His message is also that wonder is in the detail. “Only those blind to the velvet flow of a caterpillar’s legs and deaf to the grunt of a crocus as it noses out of the earth don’t worship.”
It’s an exhilarating read and one of the most original books I’ve read in a long time.
Why We Sleep: Unlocking the Power of Sleep and Dreams by Matthew Walker
Walker is a great advocate for getting eight of hours sleep a night and he makes the case that we’re in the midst of a “silent sleep loss epidemic” that poses “the greatest public health challenge we face in the 21st century.” His credentials are impressive – he’s Professor of Neuroscience and Psychology at the University of California, Berkeley, and Founder and Director of the Center for Human Sleep Science. Walker tells us that “Sleep is the single most effective thing we can do to reset our brain and body health each day.” One of the many stories he shares is a conversation with a composer who tells him that sleep often gives him the answer to an unsolved piece of music he wrestles with before he falls asleep. Walker tests this theory and finds much truth in it. A good night’s sleep comprises both REM (rapid-eye movement) sleep, and NREM (non-REM) sleep, a deeper sleep state that predominates in the first half of the night.
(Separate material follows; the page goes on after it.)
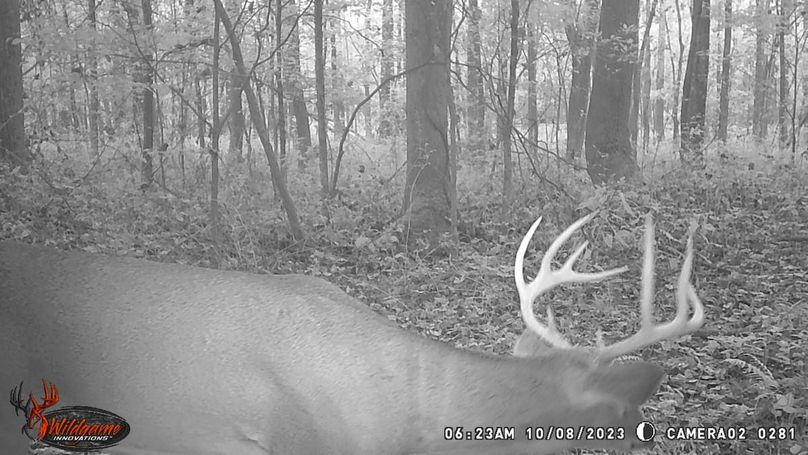 trail cam35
NREM sleep is crucial to memory retention, and to acquiring and refining our motor skills. REM sleep plays a role in our abilities to deal with negative feelings, read other people’s emotions and solve problems. Our last two hours of sleep are vital, so we shouldn’t sacrifice it for exercise because we sabotage the biggest health benefits.
Other fun facts: You’ll have a harder time falling asleep after reading a book on an LED device than you will after reading one printed on old-fashioned paper; the blue light emitted by an iPad suppresses your brain’s natural release of melatonin, the hormone that induces sleepiness, by over 50 percent. And adults aged 45 and older who get fewer than six hours of sleep a night are 200 percent more likely to suffer a heart attack or a stroke than those who get their full sleep allotment. The most straightforward recommendation from Walker is to “Establish a regular bedtime and wake-up time, even on weekends.” It’s a book to keep on your nightstand.